In the material below, find the line containing "Toyota YARIS CROSS 2024-05 8552363-4" and the line containing "Peugeot 5008 - 12". Output those two lines and all lines between them exactly, without pictures.

#### The data

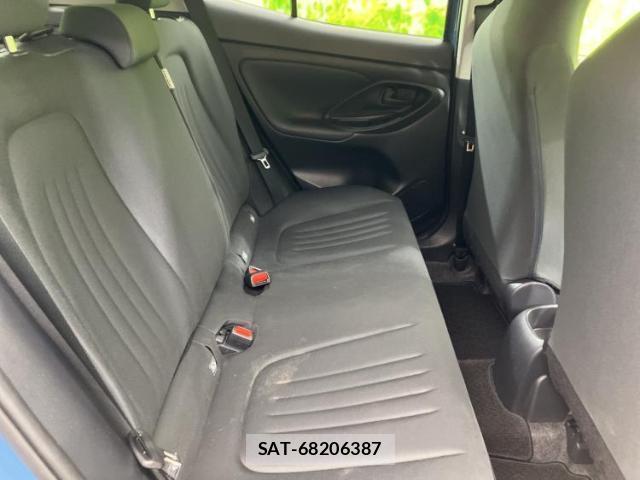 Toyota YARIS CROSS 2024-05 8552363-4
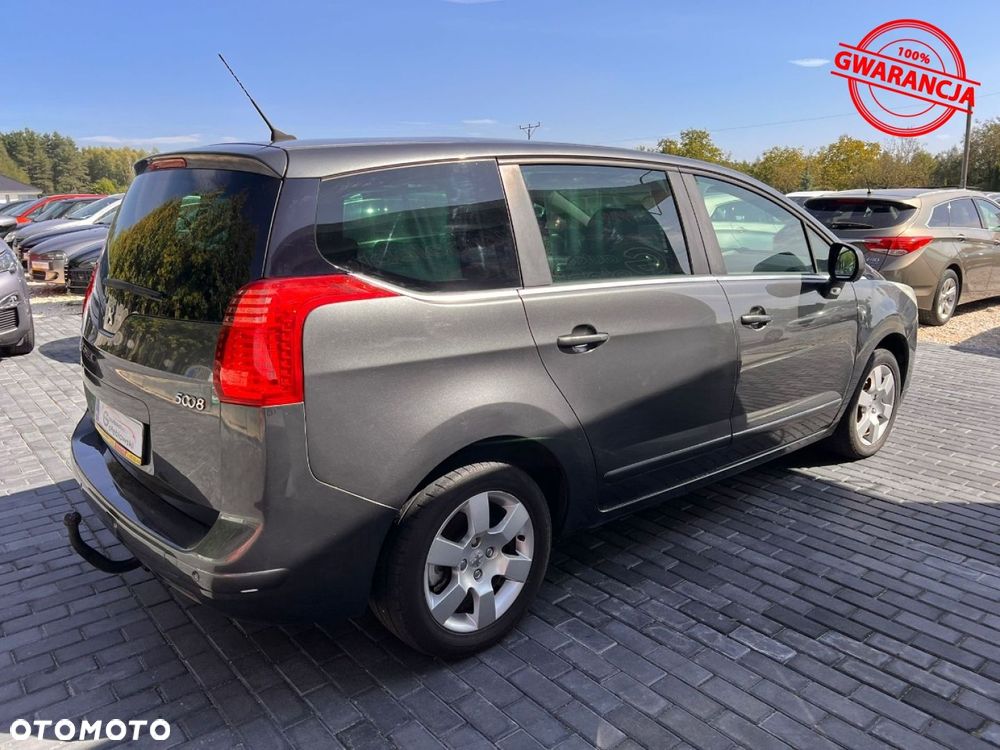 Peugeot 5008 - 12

########
#### The data

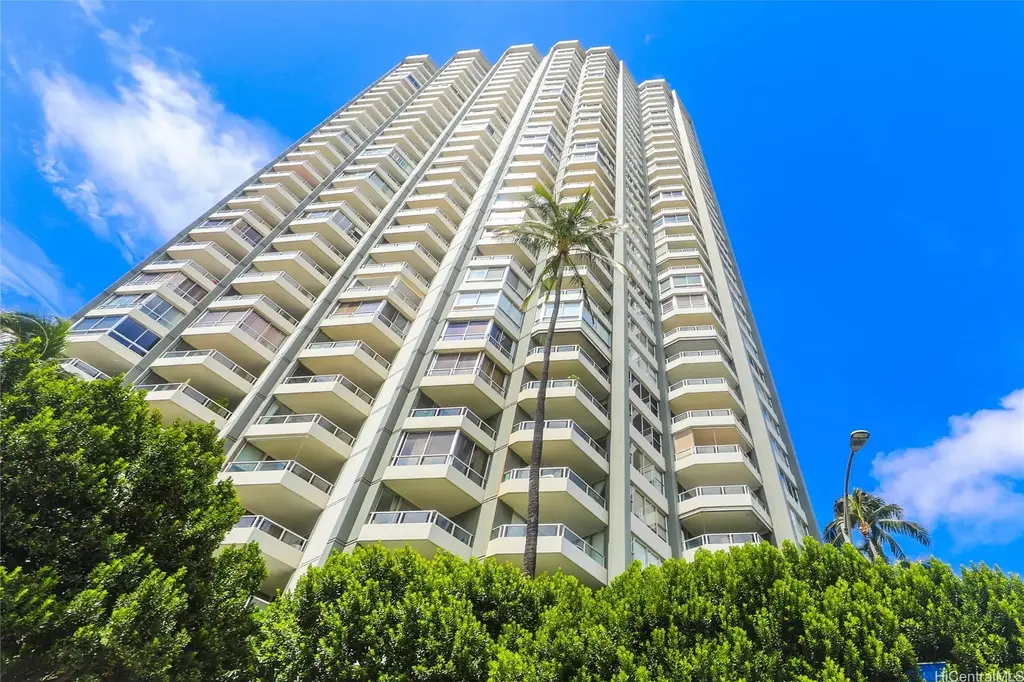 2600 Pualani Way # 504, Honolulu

########

Solution to the problem
 Toyota YARIS CROSS 2024-05 8552363-4
 Peugeot 5008 - 12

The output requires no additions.